In an interview with the Federal News Agency, Milonov lashes out against the small English- and Russian-language newspaper, saying that it represents “degeneration and decay” and that “its ideology and its clients are based on people with queer psyche.”
According to Milonov, who is also a member of the parliament’s Foreign Affairs Committee, the Barents Observer must not only be blocked in Russia. In addition, diplomatic measures should be taken.
“We must send them a note of protest, call in the ambassador of Norway, and say: ‘what you are doing can affect our relations, if you continue to produce this kind of material for Russians in the Russian language.’”
Blocked in Russia
The plea from Milonov and his supporters has been met by Russian authorities.
Since the morning of Feb. 19, the Barents Observer has been unavailable to readers in Russia. Several sources in the country confirm that they can no longer access the site and preliminary data on website traffic indicate that the number of Russian readers already has shrunk significantly.
Readers in Russia must now apply VPNs (virtual private networks) to access the newspaper. It can also be read with the mobile phone browser by Opera. On Feb. 28, Barents Observer editor Thomas Nilsen reported that the paper had lost 50 percent of its Russian readers, which given the effort they must go through to read the paper is “not too bad.”
The story about Dan Eriksson
The blockage comes after Russia’s state media authority Roskomnadzor on Jan. 28 issued a warning saying that the story about Dan Eriksson, a homosexual Sámi man from northern Sweden, is a violation of Russian law. In a letter, the media authority gave the Barents Observer 24 hours to remove the Russian-language article.
The story, originally published by Swedish newspaper Arjeplognytt, profiles Eriksson who lived through years of hardship and twice tried to kill himself because of taboo and prejudices connected with his sexuality. He is now a happy man who works with mental-health issues among young homosexual Swedes.

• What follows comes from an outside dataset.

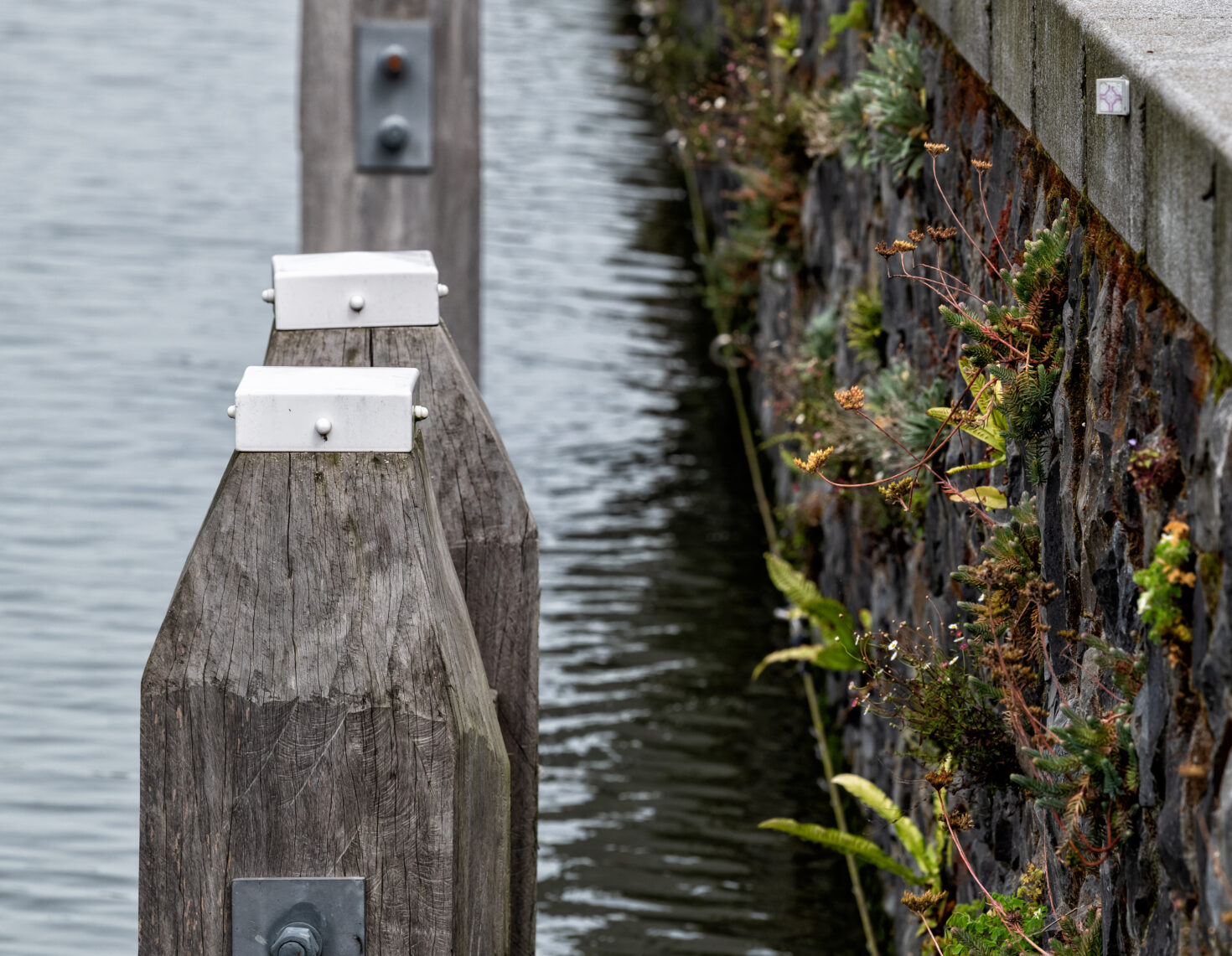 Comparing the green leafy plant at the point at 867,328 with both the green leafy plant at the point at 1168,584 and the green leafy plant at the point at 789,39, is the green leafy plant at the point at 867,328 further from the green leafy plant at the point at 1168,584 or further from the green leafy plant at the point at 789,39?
the green leafy plant at the point at 1168,584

Roskomnadzor argues that the story propagates suicide and is in conflict with Russian federal law.
The Barents Observer declined to comply, and the story remains available on its website, both in English and Russian (English: thebarentsobserver.com/en/life-and-public/2019/01/suicide-attempts-happiness-and-pride).
Storm of attention
The attack on the Barents Observer made headlines all over Scandinavia, and leading Russian newspapers also reported on the case.
Several hard-line Russian media resources soon engaged in a campaign aimed at undermining the newspaper. In the front line of that campaign has been the Federal News Agency, a news resource associated with Yevgeny Prigozhin, the controversial Russian businessman believed to be a friend of President Vladimir Putin.

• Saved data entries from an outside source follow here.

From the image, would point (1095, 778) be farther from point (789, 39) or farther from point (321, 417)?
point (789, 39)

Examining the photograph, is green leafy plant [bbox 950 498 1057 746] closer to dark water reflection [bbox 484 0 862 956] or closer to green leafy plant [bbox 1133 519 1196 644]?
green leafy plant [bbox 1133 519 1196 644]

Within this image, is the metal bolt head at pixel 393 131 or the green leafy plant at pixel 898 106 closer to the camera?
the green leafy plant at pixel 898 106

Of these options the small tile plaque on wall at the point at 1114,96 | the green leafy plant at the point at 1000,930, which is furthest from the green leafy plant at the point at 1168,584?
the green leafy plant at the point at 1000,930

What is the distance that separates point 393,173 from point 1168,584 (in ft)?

In an interview with Politika Segodnya on Feb. 12, Alexander Malkevich, leader of Russia’s Civic Chamber commission on mass media, says “it is time to set an example” against the Barents Observer.
“We need one striking show of corporate punishment,” he underlines. “And if that will not be enough, then we will need to whip them two or three times,” he continues.
Malkevich is not only a representative of the Civic Chamber but also editor of news site USA Really, an initiative reportedly associated with that same Federal News Agency. In late December 2018, Malkevich was put on the U.S. sanction list for attempts to interfere in elections.
According to Russian media group RBC, the Federal News Agency and its subsidiaries all started up on the same address as the so-called troll factory in St. Petersburg, Russia. “From the Troll Factory has grown a Media Factory,” the RBC reported in 2017.
The owner of the news resource, Prigozhin, is also believed to be associated with the Wagner Group, the quasi-independent military group that has engaged in a series of dubious operations in international conflict areas.